However, there are already machines that learn from statistical models, with Hinton citing Netflix, which uses big data and algorithms in almost every decision, as an everyday example of this.

Voice recognition software built into many mobile phones has also improved markedly in recent years, with machine learning algorithms now reducing mistakes and errors to fewer than five per cent, which is about the same margin of error a human would make when listening to audio dialogue - and it is still improving.

Therefore, Hinton explained, if these models can be transferred to other tasks - such as more easily rendering meaning from documents for the purposes of search engine algorithms - then it could get to the point where in order to fulfil its designated task, a machine would start thinking like a human.

"The implications of this for document processing are very important. If we convert a sentence into a vector that captures the meaning of the sentence, then Google can do much better searches; they can search based on what's being said in a document," Professor Hinton told the audience at The Royal Society.

"Also, if you can convert each sentence in a document into a vector, then you can take that sequence of vectors and [try to model] natural reasoning. And that was something that old fashioned AI could never do," he continued, explaining that this means machines could potentially teach themselves to think like people.
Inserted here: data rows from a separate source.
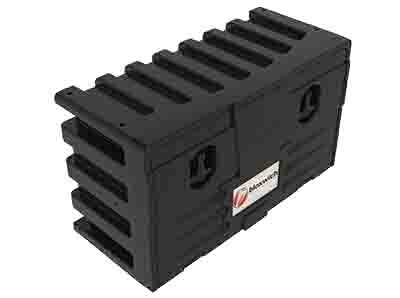 JBZ800A Toolbox 460 High x 800 Long x 360 Deep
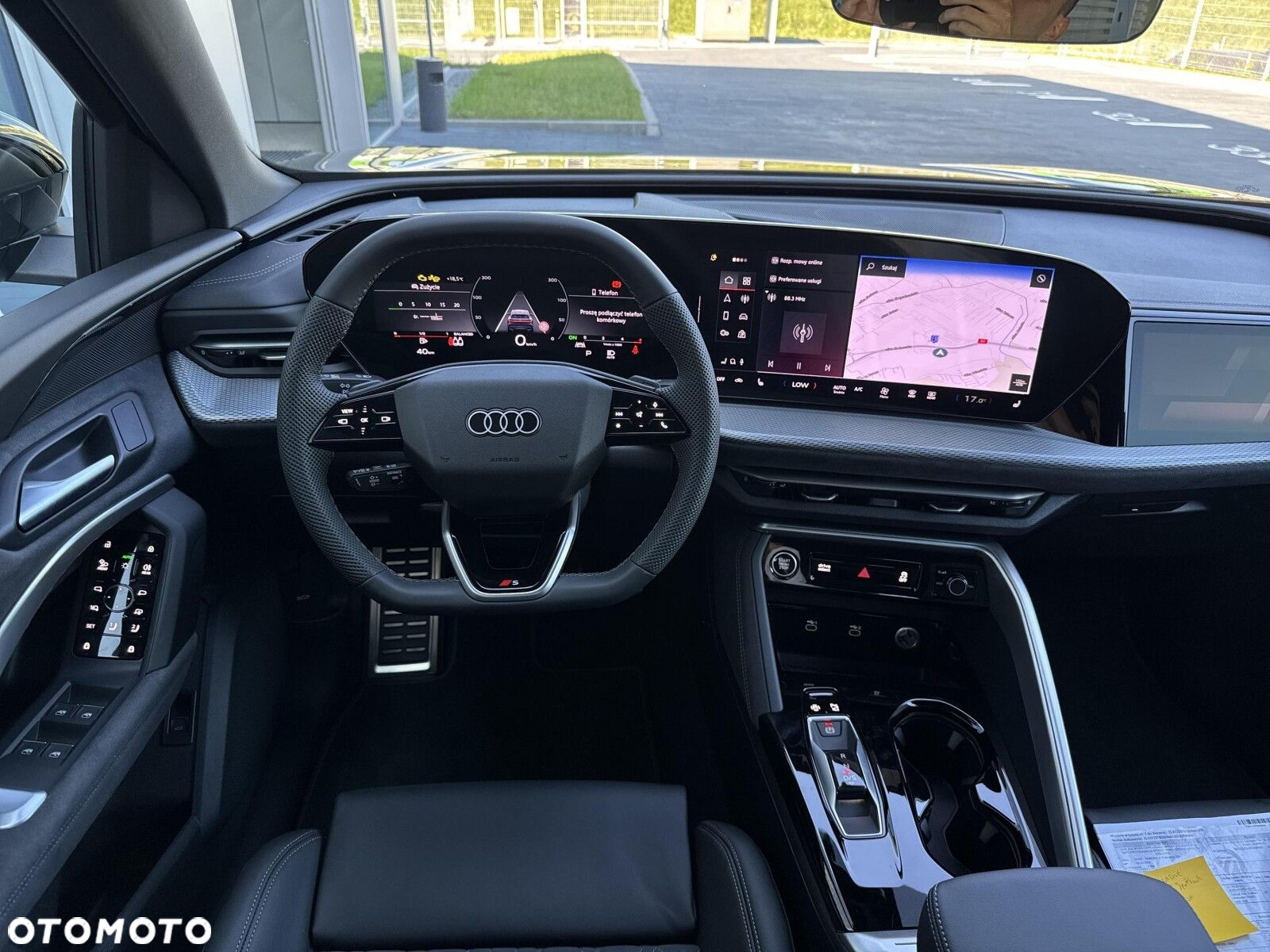Audi Q5 Sportback - 13
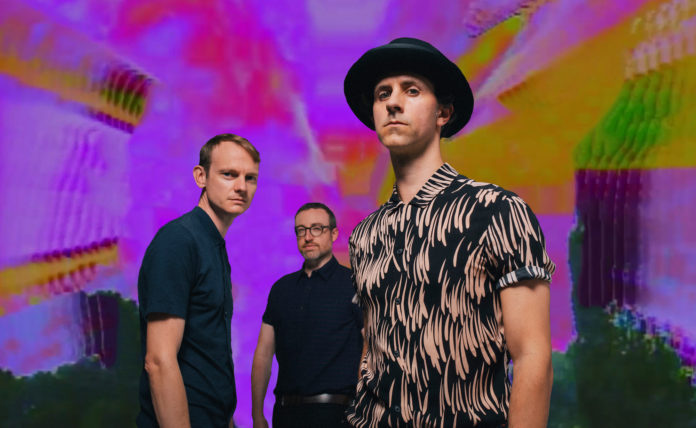MAXIMO PARK : un nouveau single !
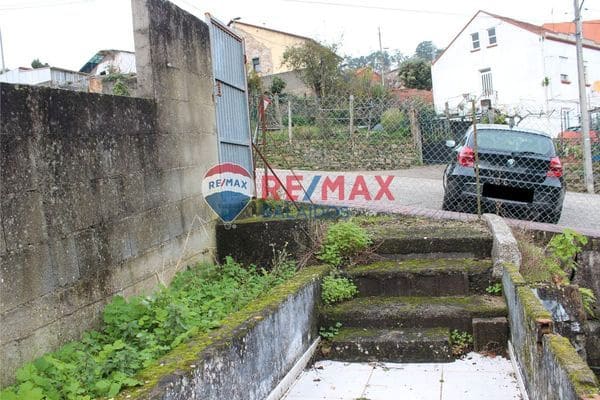 Building Plot for sale in Vigo - € 55,000 (Ref: 9685452)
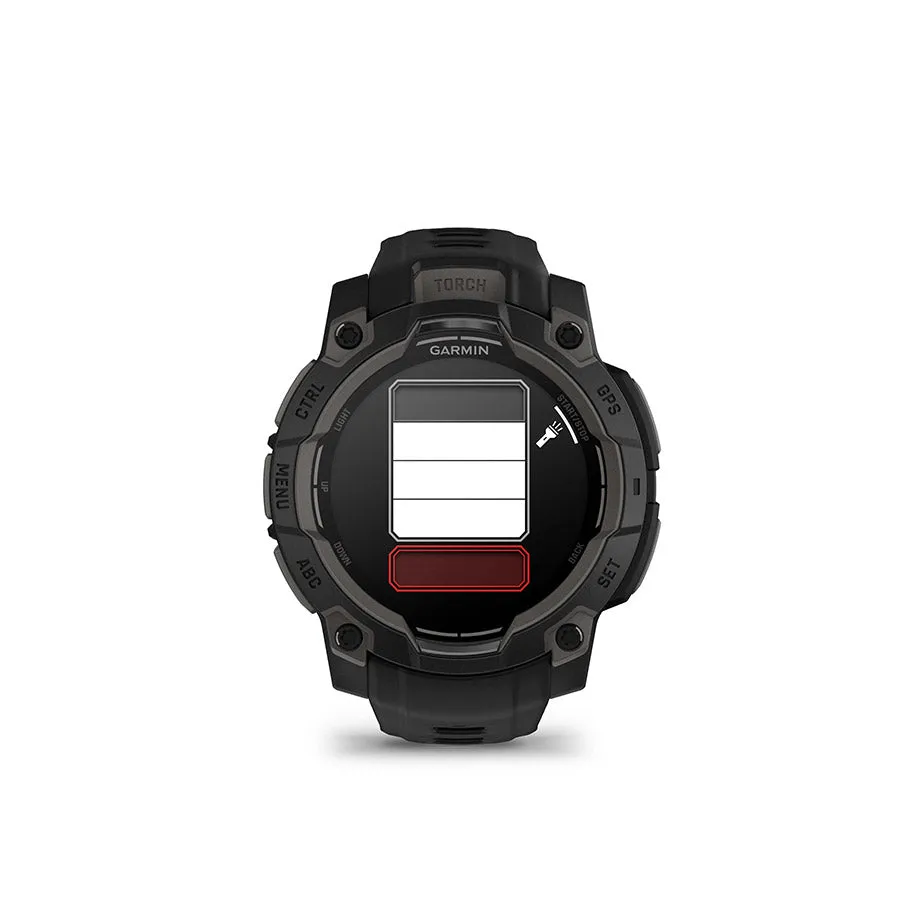 Instinct 3 45mm AMOLED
"If we can read every English document on the web, and turn each sentence into a thought vector, you've got plenty of data for training a system that can reason like people do," Professor Hinton said.

"Now, you might not want it to reason like people do, but at least we can see what they would think.

"What I think is going to happen over the next few years is this ability to turn sentences into thought vectors is going to rapidly change the level at which we can understand documents," argued Professor Hinton.

"To understand it at a human level, we're probably going to need human level resources and we have trillions of connections [in our brains], but the biggest networks we have built so far only have billions of connections. So we're a few orders of magnitude off, but I'm sure the hardware people will fix that," he said.

Hinton believes that progress in machine learning will be driven by highly focused and curious individuals, rather than by government funded research with an end goal in mind.

"For deep learning, it's very clear that government funding encouraging translational research, if anything, slowed it down. What was important was curiosity driven research funded by, in this case David Sainsbury, not when he was Minister of Science, but in his private foundation," he said.

"In this case, the big long term advances come from breakthroughs you just wouldn't have thought of... The people who are best at coming up with those are curiosity driven scientists," Hinton concluded.

While Professor Hinton and other machine learning experts are excited by what machine learning could mean for increased productivity, there are those who fear that the introduction of artificial intelligence into the workplace could lead to mass job losses.